> _Task objective_
Give the records below again in full, exactly as written, but without any images.
══ Available data ══
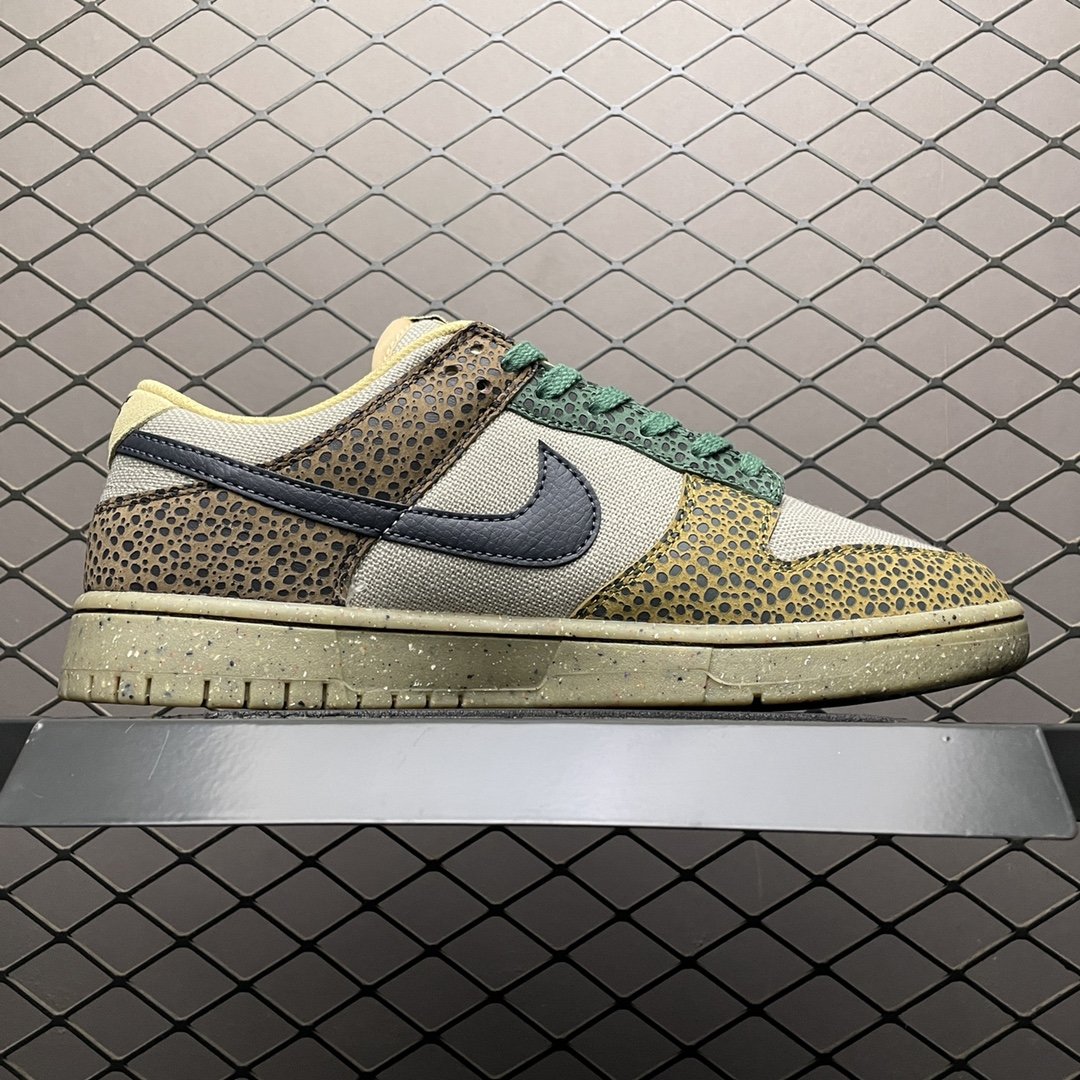 Replica Nike Dunk SB Shoe Nike Dunk LowSafariDX2654-200 Size 36-4647.5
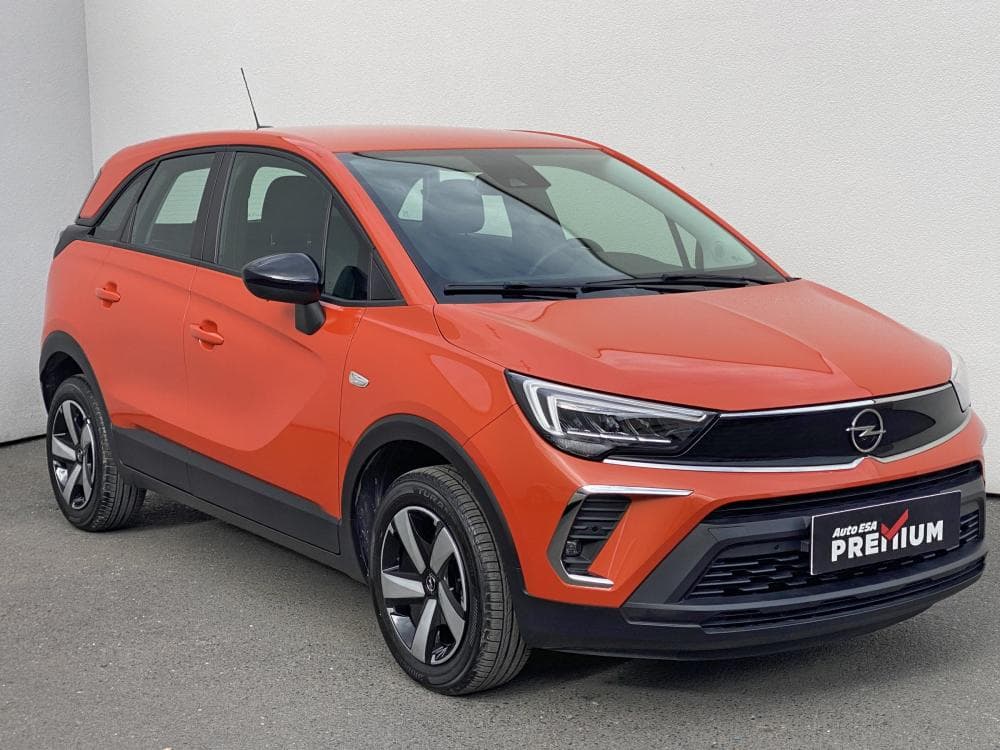 2021 Opel CROSSLAND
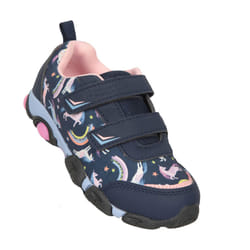 Mountain Warehouse Childrens/Kids Zap Rainbow Light Up Trainers - 11 UK Child, Purple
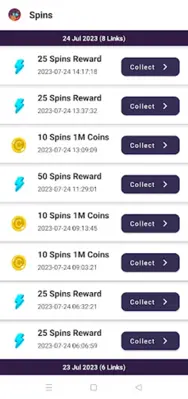 Spin Master -Coin Master Spins android App screenshot 4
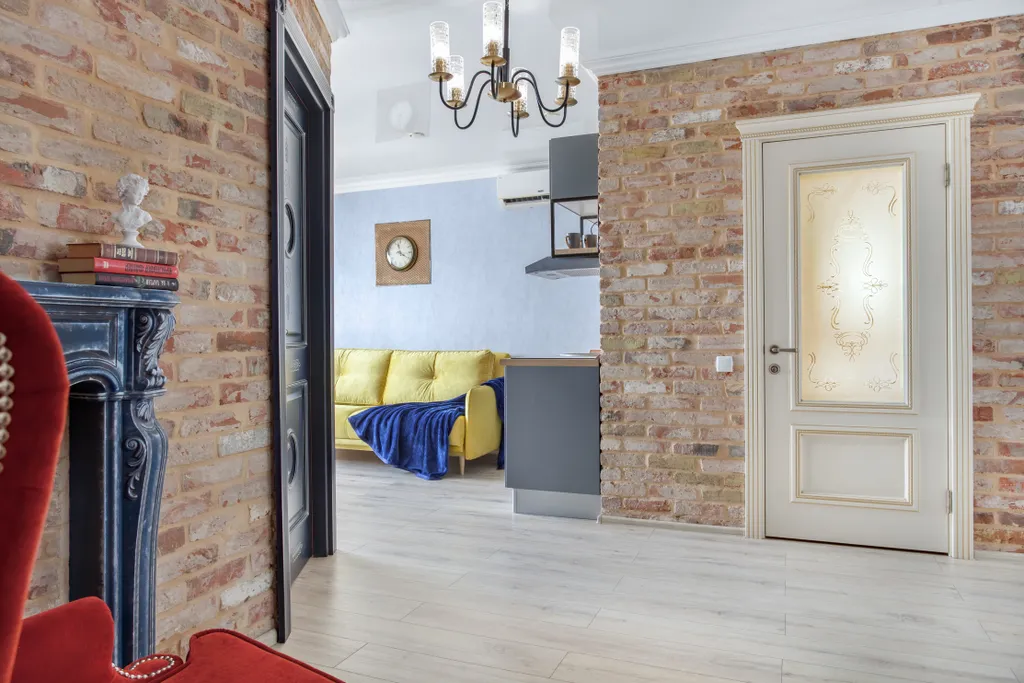 Люкс на 23 этаже с видом на Волгу, Набережная, бесконтактный заезд 24/7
═══
> _Solution for this exercise_
 Replica Nike Dunk SB Shoe Nike Dunk LowSafariDX2654-200 Size 36-4647.5
 2021 Opel CROSSLAND
 Mountain Warehouse Childrens/Kids Zap Rainbow Light Up Trainers - 11 UK Child, Purple
 Spin Master -Coin Master Spins android App screenshot 4
 Люкс на 23 этаже с видом на Волгу, Набережная, бесконтактный заезд 24/7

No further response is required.